A stricter standard in retaliation cases
Supreme Court Title VII ruling may stem tide of filings against employers
Q. Janice, vice president of Acme Corp., just received notice of a discrimination charge filed against the company by a former employee, Tom. The charge alleges the company discriminated against Tom on the basis of his sex when it failed to promote him to supervisor and a claim it retaliated against him for complaining when he was terminated 10 months later. How does the new U.S. Supreme Court decision in Nassar affect these claims?
A. In a closely divided 5-4 decision, the court held that a plaintiff must prove the stricter “but–for” causation standard to succeed in a retaliation claim under Title VII. In other words, the unlawful retaliation (for example, termination) would not have occurred in the absence of the alleged wrongful actions of the employer.
In reaching this holding, the court rejected applying the more liberal standard used in status-based discrimination claims that permits liability of an employer by merely proving that “race, color, religion, sex or national origin” was simply a motivating or substantial factor for any adverse employment action or practice taken by the company.

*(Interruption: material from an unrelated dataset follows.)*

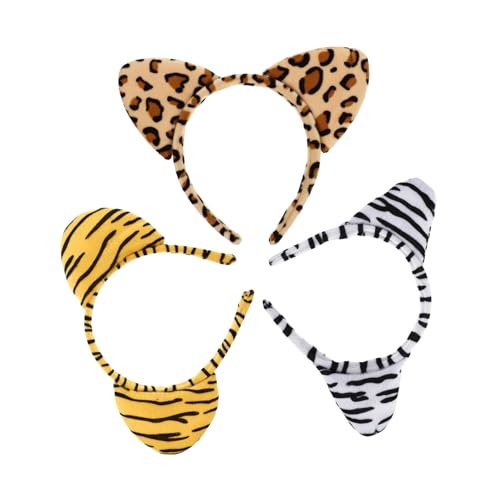 SHERCHPRY 3 Stück Tier Haarband Teiliges Plüsch Stirnband mit Cartoon Tierohren für Partys und Cosplay Dekoration von SHERCHPRY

In University of Texas Southwestern Medical Center v. Nassar, Dr. Naiel Nassar, who is of Middle Eastern decent, was a faculty member at the university and an associate director at the affiliated Parkland Memorial Hospital. Nassar believed one of his supervisors, Dr. Beth Levine, discriminated against him based on his religion and ethnic heritage by making comments such as “Middle Easterners are lazy” and we “hired another one” and scrutinizing his work more than other doctors.
Nassar complained to Dr. Gregory Fitz, Levine’s supervisor. Because Nassar continued to believe Levine was biased against him, he resigned his teaching position to take a full-time position at the affiliated hospital. When he resigned, he sent a letter to Fitz and others stating that he was leaving because of Levine’s harassment. Fitz, upset with the public comments, later objected to the hospital’s job offer to Nassar, which was withdrawn.

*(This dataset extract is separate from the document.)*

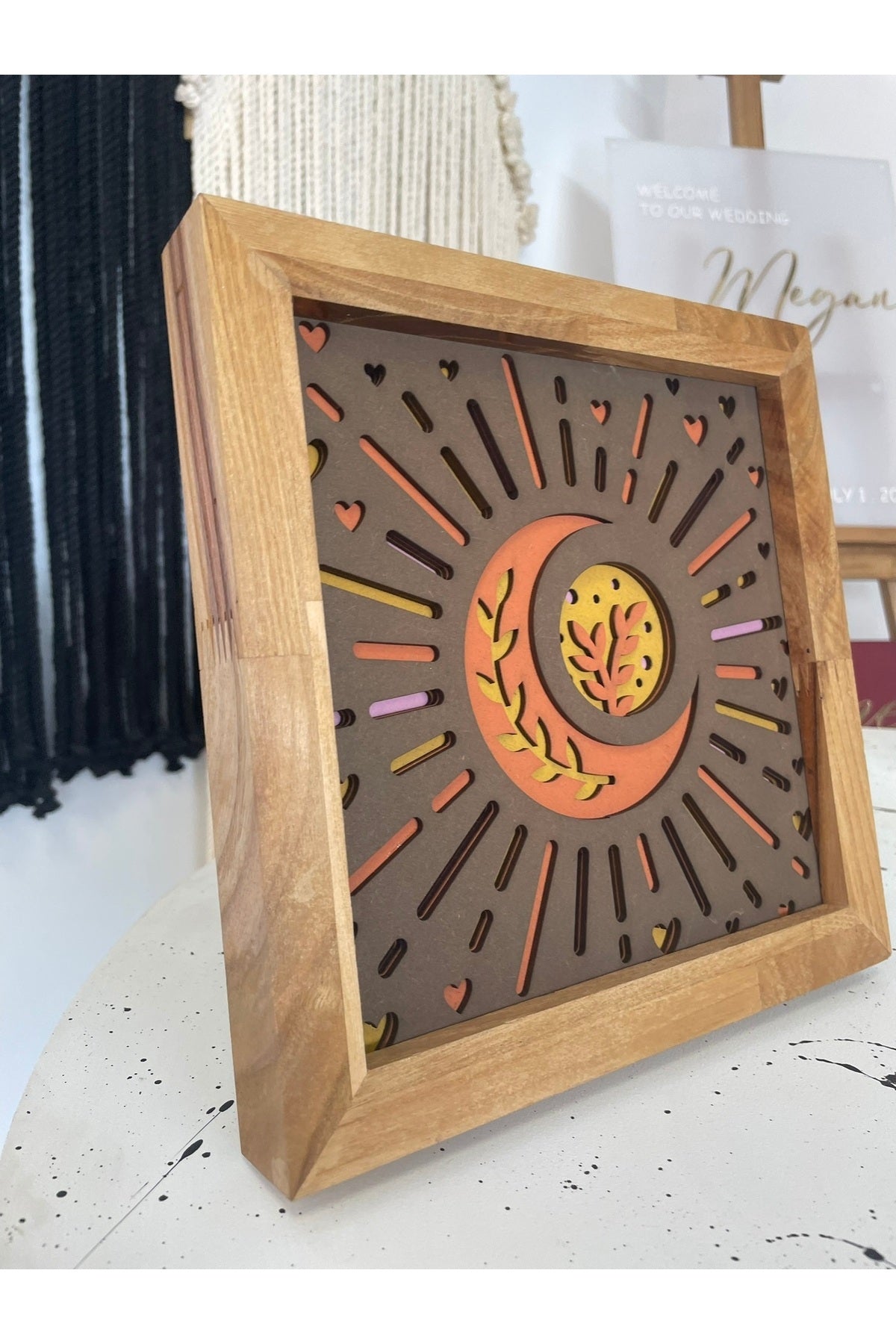 20x20cm 4 Katmanlı El Yapımı Ay ve Güneş Ahşap Tablo – Masif Çerçeve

Nassar brought a suit for racial and ethnic constructive discharge and retaliation in violation of Title VII. A jury found for Nassar on his constructive discharge claim because of racially motivated harassment by a superior. The jury also found that retaliation was a motivating factor in preventing Nassar from obtaining a position at an affiliated hospital.
On appeal, the Fifth Circuit Court of Appeals found support for the jury’s verdict as to retaliation but insufficient evidence of constructive discharge.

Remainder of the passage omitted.